False positives increase significantly when the logic is distributed across multiple files or dependent on framework-specific configurations, since the model struggles to trace how user context and access validation flow through the application.
This breakdown highlights how the visibility of context, not just code complexity, strongly influences the LLM’s ability to reason about access control.
Conclusions
This research provided a focused look at how LLMs perform when tasked with detecting Insecure Direct Object Reference (IDOR) vulnerabilities. The key takeaway is that LLMs show real potential, particularly in identifying localized logical flaws that traditional static analysis tools often miss without custom written rules. When all relevant logic is contained within a single function or file, the models can reason effectively and surface meaningful issues.

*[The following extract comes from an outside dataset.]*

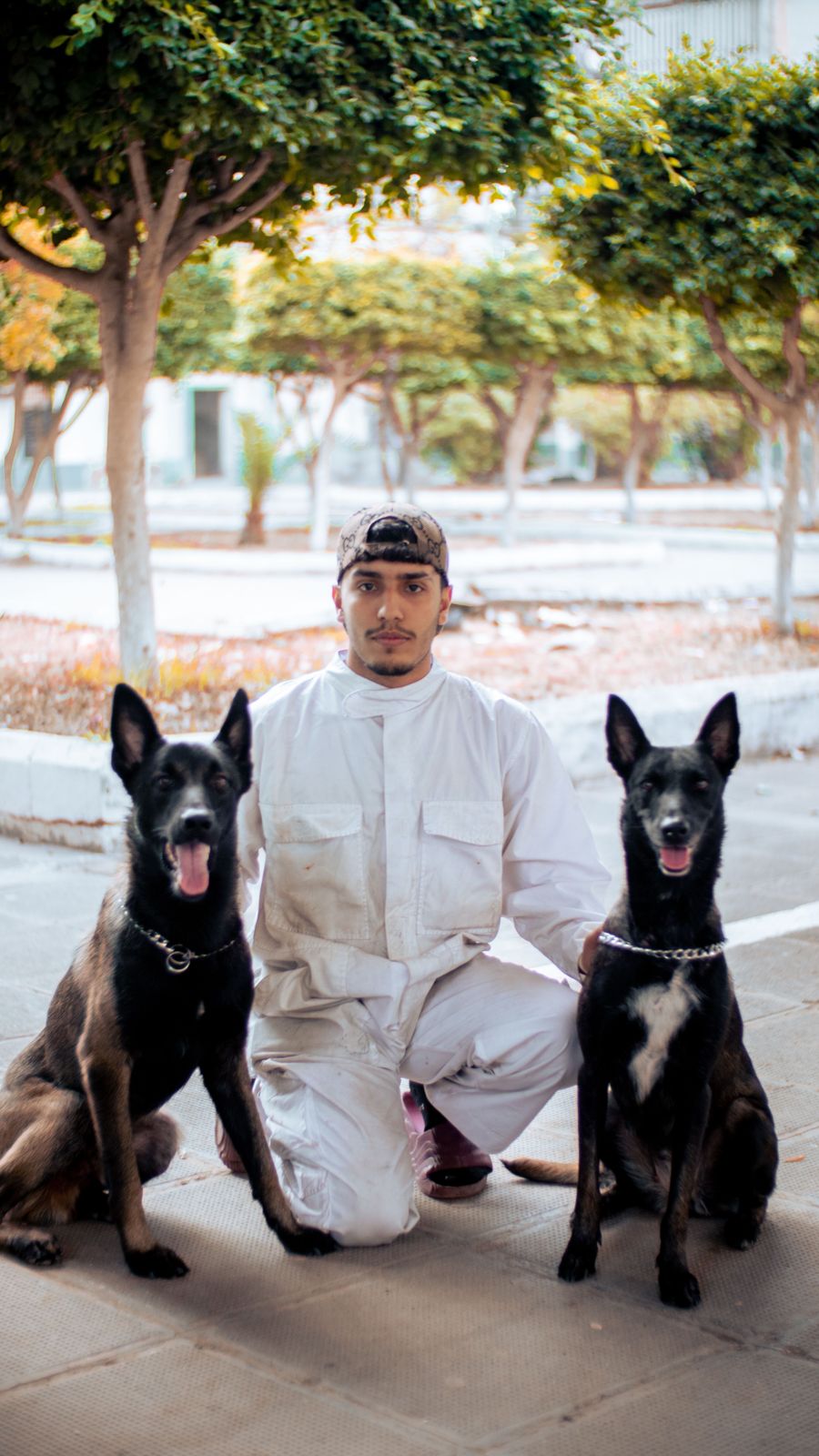 Young man crouching between two black dogs in a park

However, the models are prone to false positives when authorization logic is distributed across multiple files or implemented in less explicit ways. Additionally, non-deterministic findings and inconsistencies between runs, difficulties in deduplication, and a lack of broader application awareness raise questions about false negatives and practical usability at scale. Because of these factors, a human-in-the-loop remains essential. Security engineers are still needed to triage, validate, and interpret the findings, as well as to craft additional prompts that help the model reason across larger contexts. 
As LLM technology continues to advance, their role in application security will only grow. While they’re not a replacement for experienced security engineers, they can already act as valuable assistants, augmenting traditional tools and helping uncover issues that might otherwise go unnoticed. By combining LLMs’ reasoning capabilities with human expertise and context, security teams can build more effective workflows and move closer to scalable, AI-augmented vulnerability discovery.